◆ TASK STATEMENT ◆
Word for word, copy the listing below and leave out its images.

◆ DATASET EXCERPT ◆
┄┄┄┄┄┄┄┄┄┄
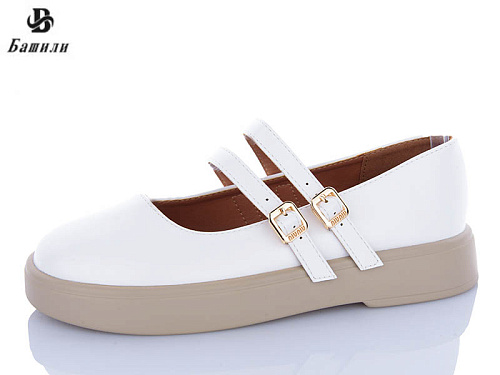 Туфли Башили H63A20-1 в магазине Фонтан Обуви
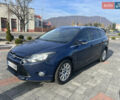 Синий Форд Фокус, объемом двигателя 2 л и пробегом 270 тыс. км за 7700 $, фото 1 на Automoto.ua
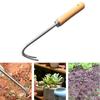 Садовые инструменты для прополки травы, садовый крючок для прополки, средство для удаления корней травы для двора, фермы, посадки, ручные инструменты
┄┄┄┄┄┄┄┄┄┄
◆ RESPONSE FOR THIS EXERCISE ◆
 Туфли Башили H63A20-1 в магазине Фонтан Обуви
 Синий Форд Фокус, объемом двигателя 2 л и пробегом 270 тыс. км за 7700 $, фото 1 на Automoto.ua
 Садовые инструменты для прополки травы, садовый крючок для прополки, средство для удаления корней травы для двора, фермы, посадки, ручные инструменты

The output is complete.